- Your objective
From the first entry to the last, copy the material exactly as it stands.

- Entries shown
- - - - - - -
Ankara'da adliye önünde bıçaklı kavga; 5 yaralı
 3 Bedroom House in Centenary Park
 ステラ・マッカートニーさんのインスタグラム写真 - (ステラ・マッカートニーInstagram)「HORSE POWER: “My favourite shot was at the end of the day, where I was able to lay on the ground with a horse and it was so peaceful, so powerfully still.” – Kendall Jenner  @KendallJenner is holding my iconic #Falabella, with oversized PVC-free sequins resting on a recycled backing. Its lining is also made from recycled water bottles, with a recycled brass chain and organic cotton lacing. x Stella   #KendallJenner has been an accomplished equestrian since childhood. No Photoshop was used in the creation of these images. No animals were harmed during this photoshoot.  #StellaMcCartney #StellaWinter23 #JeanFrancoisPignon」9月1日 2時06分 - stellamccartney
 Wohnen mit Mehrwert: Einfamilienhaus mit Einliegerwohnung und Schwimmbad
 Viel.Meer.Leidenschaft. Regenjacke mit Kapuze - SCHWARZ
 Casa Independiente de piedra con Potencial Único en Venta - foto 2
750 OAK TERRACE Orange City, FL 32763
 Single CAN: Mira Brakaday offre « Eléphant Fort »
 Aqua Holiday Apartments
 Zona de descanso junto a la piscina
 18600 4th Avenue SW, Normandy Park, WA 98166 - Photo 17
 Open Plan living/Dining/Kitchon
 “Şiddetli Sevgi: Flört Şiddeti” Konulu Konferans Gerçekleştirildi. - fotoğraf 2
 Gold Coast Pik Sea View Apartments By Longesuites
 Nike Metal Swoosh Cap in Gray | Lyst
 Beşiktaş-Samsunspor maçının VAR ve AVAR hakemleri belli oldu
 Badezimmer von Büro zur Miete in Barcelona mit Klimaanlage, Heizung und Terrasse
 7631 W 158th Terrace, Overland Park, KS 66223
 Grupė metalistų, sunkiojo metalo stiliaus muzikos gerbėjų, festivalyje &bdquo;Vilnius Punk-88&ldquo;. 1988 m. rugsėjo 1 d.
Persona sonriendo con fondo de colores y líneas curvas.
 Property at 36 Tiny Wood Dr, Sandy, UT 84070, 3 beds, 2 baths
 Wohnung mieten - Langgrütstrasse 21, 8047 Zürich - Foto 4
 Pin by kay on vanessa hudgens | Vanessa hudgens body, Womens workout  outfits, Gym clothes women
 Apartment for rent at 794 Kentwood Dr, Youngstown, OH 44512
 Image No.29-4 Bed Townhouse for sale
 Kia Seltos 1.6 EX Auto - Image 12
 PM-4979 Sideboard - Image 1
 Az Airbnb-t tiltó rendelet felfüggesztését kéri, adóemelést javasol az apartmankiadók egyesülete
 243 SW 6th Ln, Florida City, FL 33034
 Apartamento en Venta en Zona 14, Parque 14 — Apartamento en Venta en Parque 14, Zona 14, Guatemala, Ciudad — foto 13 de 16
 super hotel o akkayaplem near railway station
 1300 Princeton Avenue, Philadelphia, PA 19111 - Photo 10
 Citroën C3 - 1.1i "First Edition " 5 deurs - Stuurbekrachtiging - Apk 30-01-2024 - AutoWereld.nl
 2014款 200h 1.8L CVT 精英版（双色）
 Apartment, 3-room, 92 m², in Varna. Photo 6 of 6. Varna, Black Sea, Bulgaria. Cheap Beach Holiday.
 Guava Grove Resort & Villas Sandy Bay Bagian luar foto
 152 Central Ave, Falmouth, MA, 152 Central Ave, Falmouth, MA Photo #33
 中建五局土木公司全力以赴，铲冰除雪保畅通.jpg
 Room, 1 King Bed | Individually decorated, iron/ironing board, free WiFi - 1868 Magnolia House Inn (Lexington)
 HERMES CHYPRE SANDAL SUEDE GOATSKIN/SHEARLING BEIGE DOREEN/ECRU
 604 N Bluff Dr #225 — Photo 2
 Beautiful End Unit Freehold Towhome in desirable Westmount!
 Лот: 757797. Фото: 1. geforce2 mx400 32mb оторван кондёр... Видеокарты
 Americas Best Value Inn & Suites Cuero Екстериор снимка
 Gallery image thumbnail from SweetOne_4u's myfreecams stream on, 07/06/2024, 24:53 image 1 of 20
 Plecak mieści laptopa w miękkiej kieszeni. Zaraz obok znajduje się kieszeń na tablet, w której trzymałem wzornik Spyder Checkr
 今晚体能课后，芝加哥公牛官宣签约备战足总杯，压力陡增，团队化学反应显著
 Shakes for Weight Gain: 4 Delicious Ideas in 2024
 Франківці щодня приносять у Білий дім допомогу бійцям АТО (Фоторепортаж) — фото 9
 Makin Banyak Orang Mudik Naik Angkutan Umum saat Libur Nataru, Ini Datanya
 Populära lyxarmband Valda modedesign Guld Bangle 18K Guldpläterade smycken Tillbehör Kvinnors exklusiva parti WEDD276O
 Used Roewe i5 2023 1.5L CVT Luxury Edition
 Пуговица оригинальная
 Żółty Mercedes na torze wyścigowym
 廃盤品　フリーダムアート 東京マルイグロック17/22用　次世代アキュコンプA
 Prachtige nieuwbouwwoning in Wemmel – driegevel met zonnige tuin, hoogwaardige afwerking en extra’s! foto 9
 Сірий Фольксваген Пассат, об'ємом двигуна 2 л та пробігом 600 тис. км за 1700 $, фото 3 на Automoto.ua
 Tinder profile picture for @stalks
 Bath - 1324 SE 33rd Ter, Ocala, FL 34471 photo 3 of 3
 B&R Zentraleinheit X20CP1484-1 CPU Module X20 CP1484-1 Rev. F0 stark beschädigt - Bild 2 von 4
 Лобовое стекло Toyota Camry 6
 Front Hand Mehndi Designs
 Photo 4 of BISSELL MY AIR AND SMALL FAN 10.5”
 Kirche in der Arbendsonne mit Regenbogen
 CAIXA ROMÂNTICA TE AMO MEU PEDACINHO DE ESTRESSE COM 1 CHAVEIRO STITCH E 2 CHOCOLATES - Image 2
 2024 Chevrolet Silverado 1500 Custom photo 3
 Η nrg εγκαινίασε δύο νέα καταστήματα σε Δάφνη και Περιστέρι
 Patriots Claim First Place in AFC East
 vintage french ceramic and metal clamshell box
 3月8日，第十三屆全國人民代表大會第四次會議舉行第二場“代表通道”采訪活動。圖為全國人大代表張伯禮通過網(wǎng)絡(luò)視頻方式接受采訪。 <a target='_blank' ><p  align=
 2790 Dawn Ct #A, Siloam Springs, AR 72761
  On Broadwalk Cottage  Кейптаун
- - - - - - -
- Written reply
Ankara'da adliye önünde bıçaklı kavga; 5 yaralı
 3 Bedroom House in Centenary Park
 ステラ・マッカートニーさんのインスタグラム写真 - (ステラ・マッカートニーInstagram)「HORSE POWER: “My favourite shot was at the end of the day, where I was able to lay on the ground with a horse and it was so peaceful, so powerfully still.” – Kendall Jenner  @KendallJenner is holding my iconic #Falabella, with oversized PVC-free sequins resting on a recycled backing. Its lining is also made from recycled water bottles, with a recycled brass chain and organic cotton lacing. x Stella   #KendallJenner has been an accomplished equestrian since childhood. No Photoshop was used in the creation of these images. No animals were harmed during this photoshoot.  #StellaMcCartney #StellaWinter23 #JeanFrancoisPignon」9月1日 2時06分 - stellamccartney
 Wohnen mit Mehrwert: Einfamilienhaus mit Einliegerwohnung und Schwimmbad
 Viel.Meer.Leidenschaft. Regenjacke mit Kapuze - SCHWARZ
 Casa Independiente de piedra con Potencial Único en Venta - foto 2
750 OAK TERRACE Orange City, FL 32763
 Single CAN: Mira Brakaday offre « Eléphant Fort »
 Aqua Holiday Apartments
 Zona de descanso junto a la piscina
 18600 4th Avenue SW, Normandy Park, WA 98166 - Photo 17
 Open Plan living/Dining/Kitchon
 “Şiddetli Sevgi: Flört Şiddeti” Konulu Konferans Gerçekleştirildi. - fotoğraf 2
 Gold Coast Pik Sea View Apartments By Longesuites
 Nike Metal Swoosh Cap in Gray | Lyst
 Beşiktaş-Samsunspor maçının VAR ve AVAR hakemleri belli oldu
 Badezimmer von Büro zur Miete in Barcelona mit Klimaanlage, Heizung und Terrasse
 7631 W 158th Terrace, Overland Park, KS 66223
 Grupė metalistų, sunkiojo metalo stiliaus muzikos gerbėjų, festivalyje &bdquo;Vilnius Punk-88&ldquo;. 1988 m. rugsėjo 1 d.
Persona sonriendo con fondo de colores y líneas curvas.
 Property at 36 Tiny Wood Dr, Sandy, UT 84070, 3 beds, 2 baths
 Wohnung mieten - Langgrütstrasse 21, 8047 Zürich - Foto 4
 Pin by kay on vanessa hudgens | Vanessa hudgens body, Womens workout  outfits, Gym clothes women
 Apartment for rent at 794 Kentwood Dr, Youngstown, OH 44512
 Image No.29-4 Bed Townhouse for sale
 Kia Seltos 1.6 EX Auto - Image 12
 PM-4979 Sideboard - Image 1
 Az Airbnb-t tiltó rendelet felfüggesztését kéri, adóemelést javasol az apartmankiadók egyesülete
 243 SW 6th Ln, Florida City, FL 33034
 Apartamento en Venta en Zona 14, Parque 14 — Apartamento en Venta en Parque 14, Zona 14, Guatemala, Ciudad — foto 13 de 16
 super hotel o akkayaplem near railway station
 1300 Princeton Avenue, Philadelphia, PA 19111 - Photo 10
 Citroën C3 - 1.1i "First Edition " 5 deurs - Stuurbekrachtiging - Apk 30-01-2024 - AutoWereld.nl
 2014款 200h 1.8L CVT 精英版（双色）
 Apartment, 3-room, 92 m², in Varna. Photo 6 of 6. Varna, Black Sea, Bulgaria. Cheap Beach Holiday.
 Guava Grove Resort & Villas Sandy Bay Bagian luar foto
 152 Central Ave, Falmouth, MA, 152 Central Ave, Falmouth, MA Photo #33
 中建五局土木公司全力以赴，铲冰除雪保畅通.jpg
 Room, 1 King Bed | Individually decorated, iron/ironing board, free WiFi - 1868 Magnolia House Inn (Lexington)
 HERMES CHYPRE SANDAL SUEDE GOATSKIN/SHEARLING BEIGE DOREEN/ECRU
 604 N Bluff Dr #225 — Photo 2
 Beautiful End Unit Freehold Towhome in desirable Westmount!
 Лот: 757797. Фото: 1. geforce2 mx400 32mb оторван кондёр... Видеокарты
 Americas Best Value Inn & Suites Cuero Екстериор снимка
 Gallery image thumbnail from SweetOne_4u's myfreecams stream on, 07/06/2024, 24:53 image 1 of 20
 Plecak mieści laptopa w miękkiej kieszeni. Zaraz obok znajduje się kieszeń na tablet, w której trzymałem wzornik Spyder Checkr
 今晚体能课后，芝加哥公牛官宣签约备战足总杯，压力陡增，团队化学反应显著
 Shakes for Weight Gain: 4 Delicious Ideas in 2024
 Франківці щодня приносять у Білий дім допомогу бійцям АТО (Фоторепортаж) — фото 9
 Makin Banyak Orang Mudik Naik Angkutan Umum saat Libur Nataru, Ini Datanya
 Populära lyxarmband Valda modedesign Guld Bangle 18K Guldpläterade smycken Tillbehör Kvinnors exklusiva parti WEDD276O
 Used Roewe i5 2023 1.5L CVT Luxury Edition
 Пуговица оригинальная
 Żółty Mercedes na torze wyścigowym
 廃盤品　フリーダムアート 東京マルイグロック17/22用　次世代アキュコンプA
 Prachtige nieuwbouwwoning in Wemmel – driegevel met zonnige tuin, hoogwaardige afwerking en extra’s! foto 9
 Сірий Фольксваген Пассат, об'ємом двигуна 2 л та пробігом 600 тис. км за 1700 $, фото 3 на Automoto.ua
 Tinder profile picture for @stalks
 Bath - 1324 SE 33rd Ter, Ocala, FL 34471 photo 3 of 3
 B&R Zentraleinheit X20CP1484-1 CPU Module X20 CP1484-1 Rev. F0 stark beschädigt - Bild 2 von 4
 Лобовое стекло Toyota Camry 6
 Front Hand Mehndi Designs
 Photo 4 of BISSELL MY AIR AND SMALL FAN 10.5”
 Kirche in der Arbendsonne mit Regenbogen
 CAIXA ROMÂNTICA TE AMO MEU PEDACINHO DE ESTRESSE COM 1 CHAVEIRO STITCH E 2 CHOCOLATES - Image 2
 2024 Chevrolet Silverado 1500 Custom photo 3
 Η nrg εγκαινίασε δύο νέα καταστήματα σε Δάφνη και Περιστέρι
 Patriots Claim First Place in AFC East
 vintage french ceramic and metal clamshell box
 3月8日，第十三屆全國人民代表大會第四次會議舉行第二場“代表通道”采訪活動。圖為全國人大代表張伯禮通過網(wǎng)絡(luò)視頻方式接受采訪。 <a target='_blank' ><p  align=
 2790 Dawn Ct #A, Siloam Springs, AR 72761
  On Broadwalk Cottage  Кейптаун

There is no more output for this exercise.